I've started going to the gym again. Last year I stopped going due to boredom and lack of motivation. I think my main mistake was that I decided not to focus on my favorite exercise. When I started working out through powerlifting a few years ago, I really enjoyed deadlifting, and that allowed me to keep motivated until I had to cancel my membership due to financial reasons. But, last year when tried starting again, I decided to focus on something else. Thing is, if you choose one thing to focus on, you'll make good progress. So, I had decided squats should be my focus at that time. I got bored, I went less and less. This time I'm going to focus on deadlift, even though my cardio needs the most work, purely because I would rather have a slightly unoptimal workout plan for improving my cardio where I'm using a lot of deadlifting to keep myself motivated enough to do other workouts, than do nothing at all. Basically, with fitness, it's better to do something rather than nothing at all, even if not 100% optimal for my goals.
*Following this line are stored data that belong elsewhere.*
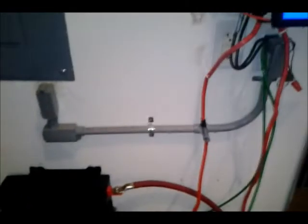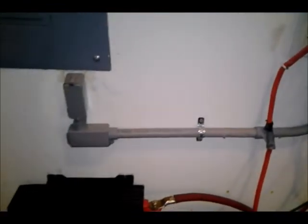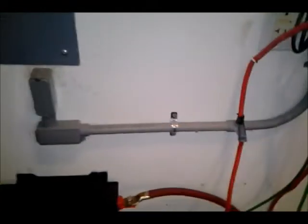Hey YouTubers, as a result of some really good comments on my electrical wiring for my generator hookup, I've added some things to my project, especially on the conduit.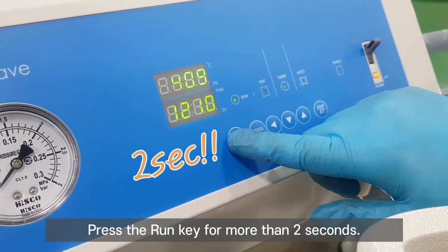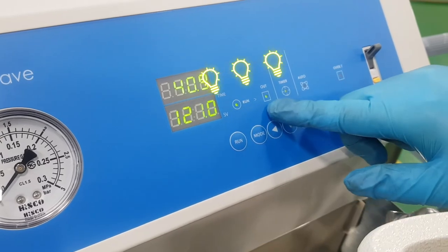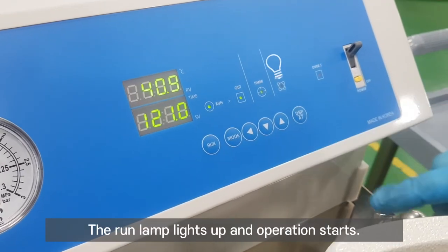Press the run key for more than 2 seconds. The RUN lamp lights up and operation starts.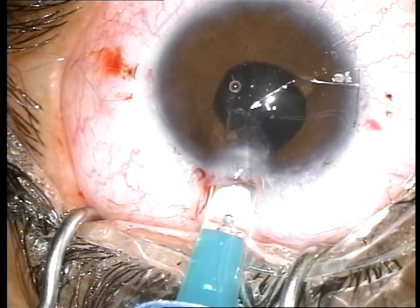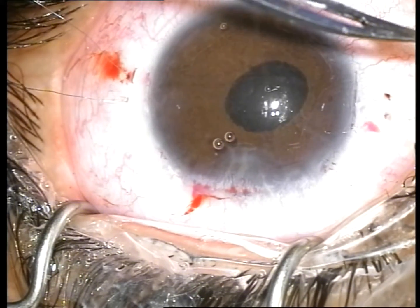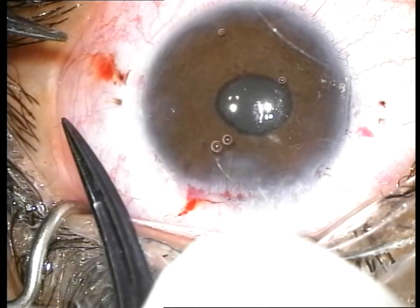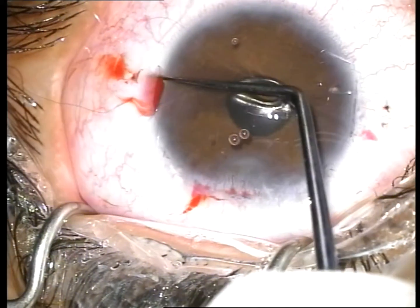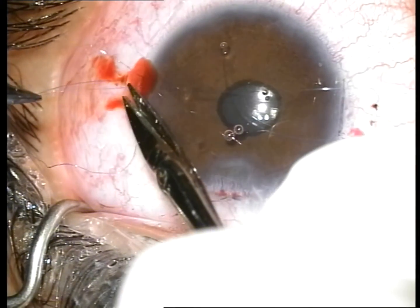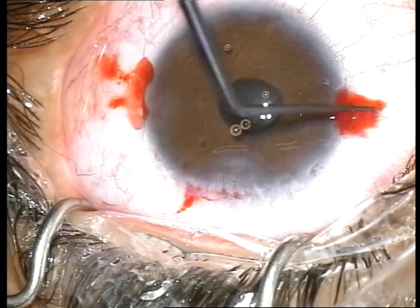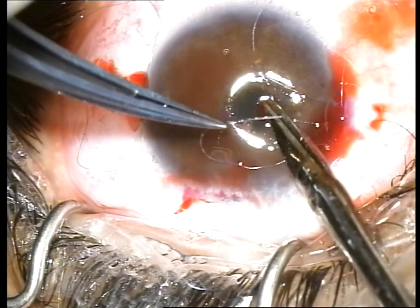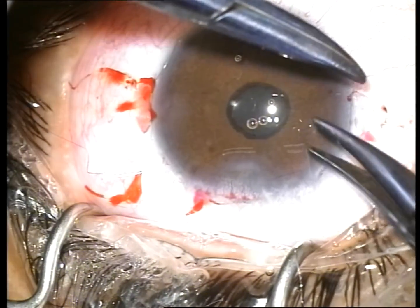The IOL is inserted into the posterior chamber. After evenly tightening the suture, the IOL sits in place and is centered. The suture is retrieved through the scleral pocket using a Sinski hook. The sutures are trimmed and tied, re-centering the IOL and allowing the knot to slide under the scleral pocket.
On more fun notes, I've messed around with keyboards more and now have a main board at home, an ISO TKL with Gazzew Boba U4T 68 g switches, and a frankenswitch for the Spacebar that uses the bottom housing of a JWICK T1 tactile bottom housing, as well as a 78 g spring from a Zeal Purple switch. Only just need to tape the stabs to prevent see-sawing due to the short throw of the switch leaving a lot of the stem up high after bottom out. I had the JWICKs on hand due to getting them for my 60% I used to have Kailh x NK Box Jades in, which I may swap in and out depending on how I feel. I don't really like the way my 60% works, btw, the Mizar mz60 has so many flaws, like the configuration software being hot garbage and not allowing Esc to be default on the Backtick key, having a few function layer things not even listed (F, G, H, are Fn layer media keys, but the caps don't indicate it and the configurator doesn't show that they are, how the Fn layer works on this board is a mystery to me).

I hope to try out a full-size ortho layout, eventually. The BFO-9000 PCB seems like a great platform, and I've prepared a good layout for it already. Though the ID75 might be an easier starting point that would require less work to set up, but it won't be perfect for me since it's 15 by 5 instead of a potential 18 by 6 grid like the BFO is.